For the reasons stated herein, the Court finds that the FOIA does apply to the Smithsonian Institution. The Court also finds that the Defendant has properly withheld the two remaining documents in their entireties on the basis of FOIA Exemption (b)(6). Accordingly, the Defendant's Motion for Summary Judgment shall be granted and the Plaintiff's Motion for Summary Judgment shall be denied. The Court shall issue an Order of even date herewith consistent with the foregoing Memorandum Opinion.
June 25, 1992
CHARLES R. RICHEY
UNITED STATES DISTRICT JUDGE
EDITOR'S NOTE: The following court-provided text does not appear at this cite in 798 F. Supp. 22.

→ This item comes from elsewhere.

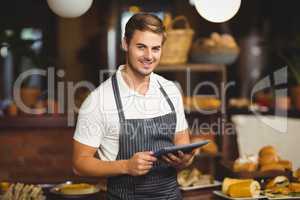 Handsome waiter holding a tablet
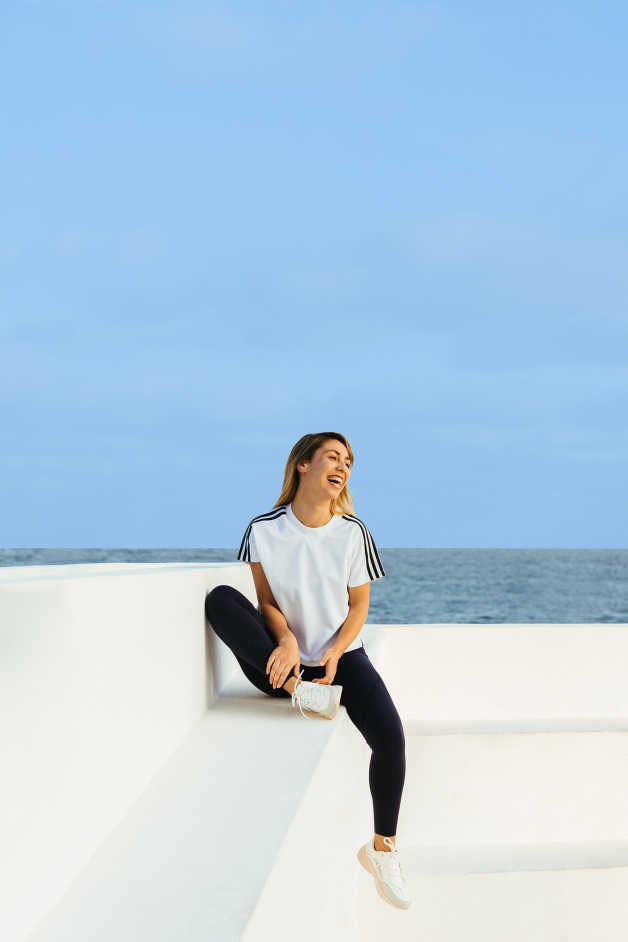 active female sitting outdoors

ORDER - June 26, 1992, Filed
Upon consideration of the parties' cross-motions for summary judgment and the Defendant's Motion for Reconsideration of this Court's March 18, 1992 Order in the above-captioned case, and for the reasons articulated in this Court's Memorandum Opinion of even date herewith, it is, by this Court, this 25 day of June, 1992,
ORDERED that the Defendant's Motion for Reconsideration shall be, and hereby is, DENIED; and it is
FURTHER ORDERED that the Defendant's Motion for Summary Judgment shall be, and hereby is, GRANTED, on the basis of FOIA Exemption 6; and it is
FURTHER ORDERED that the Plaintiff's Motion for Summary Judgment shall be, and hereby is, DENIED; and it is
FURTHER ORDERED that the above-captioned case shall be, and hereby is, DISMISSED from the dockets of this Court.